[EXERCISE DESCRIPTION]
The data must be given again exactly as written, with all images omitted.
*** DATA Section Begins ***
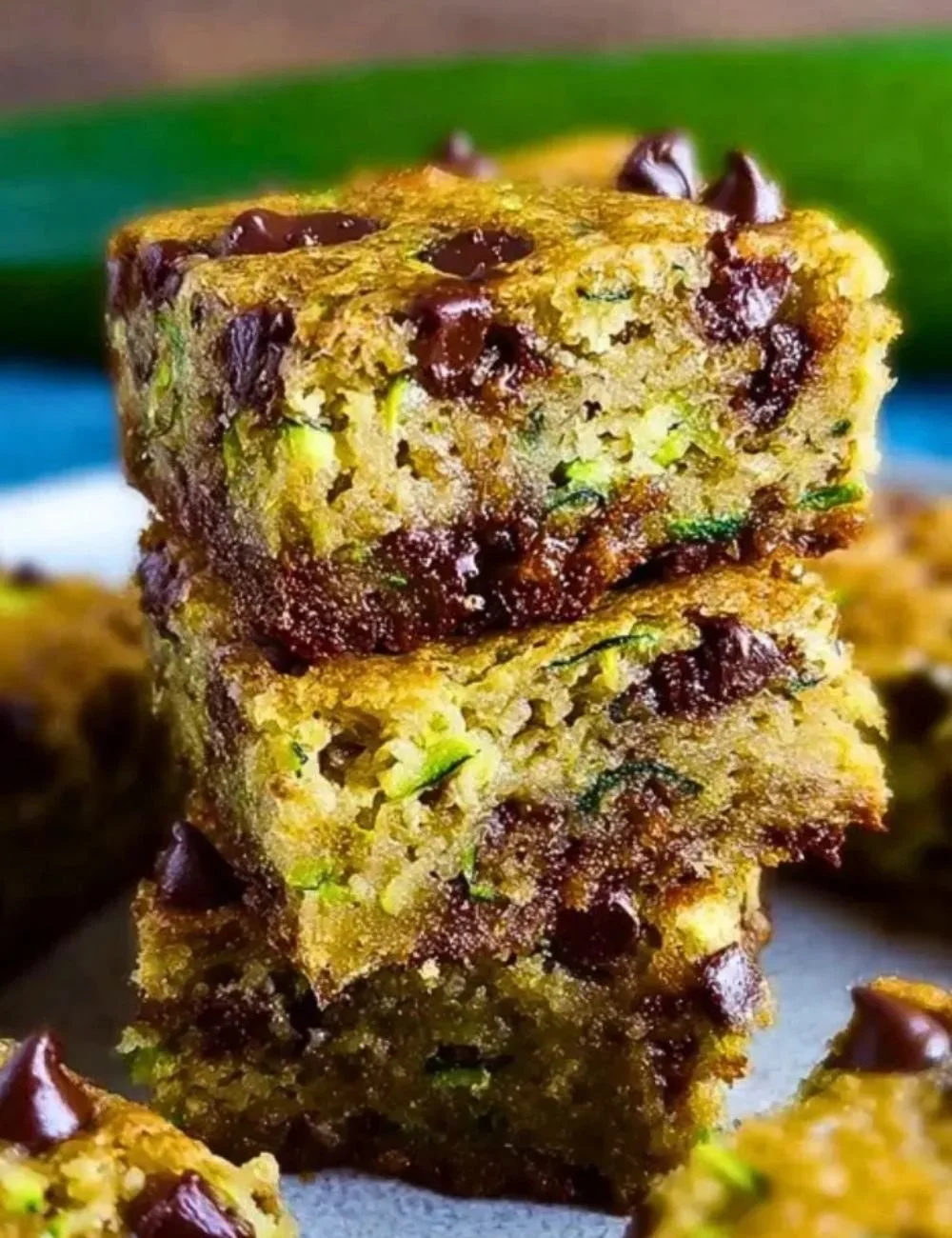 Delicious chocolate chip zucchini bars with a moist texture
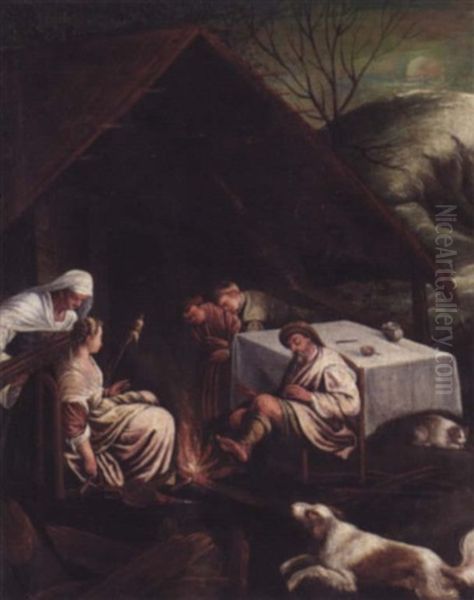 Figures Seated Beside A Fire Outside A Cottage Oil Painting by Francesco da Ponte Bassano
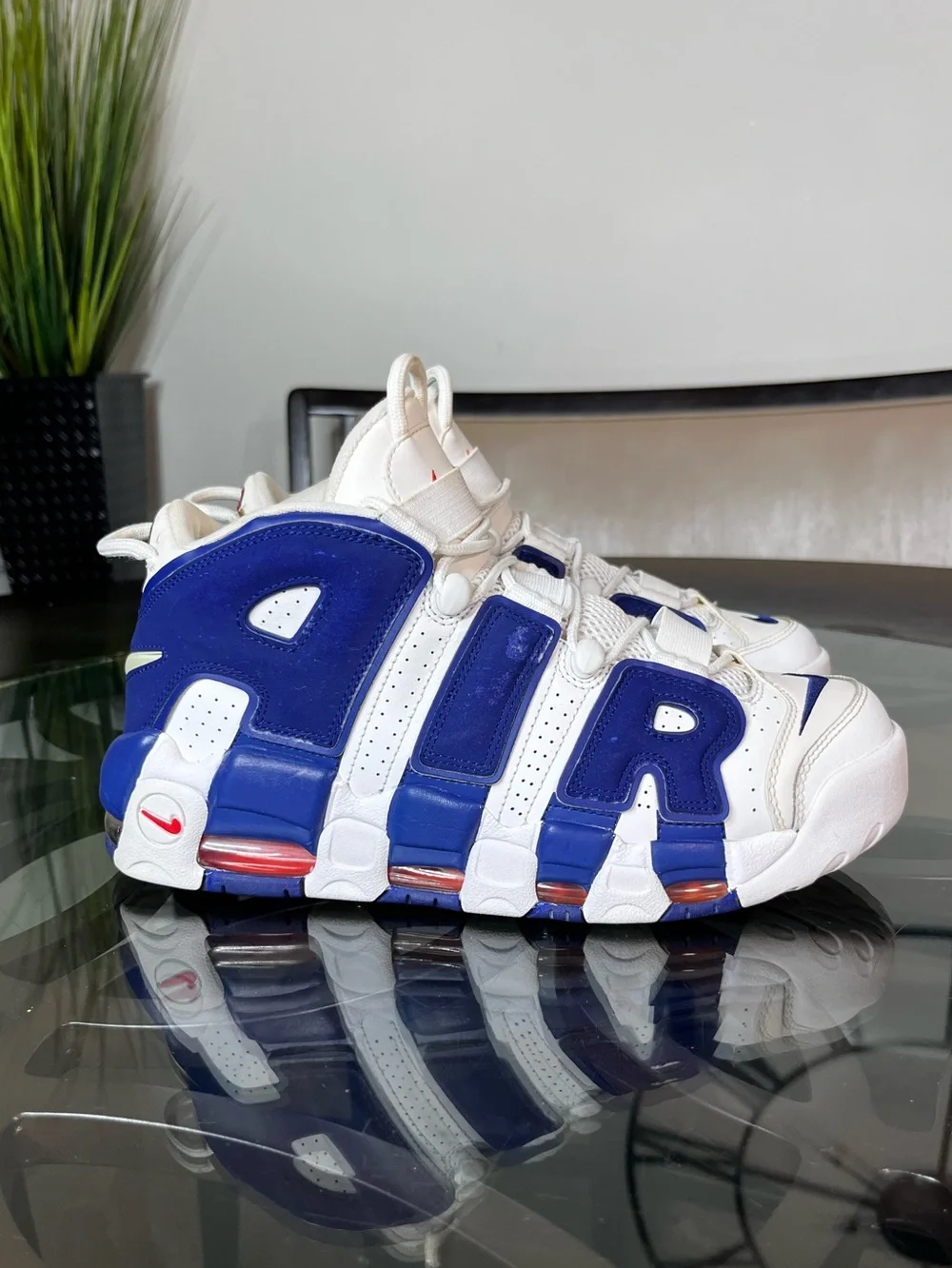 Nike Air More Uptempo Knicks 33 Blue White Mens Sz 9.5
*** DATA Section Ends ***
[RESPONSE BOX]
 Delicious chocolate chip zucchini bars with a moist texture
 Figures Seated Beside A Fire Outside A Cottage Oil Painting by Francesco da Ponte Bassano
 Nike Air More Uptempo Knicks 33 Blue White Mens Sz 9.5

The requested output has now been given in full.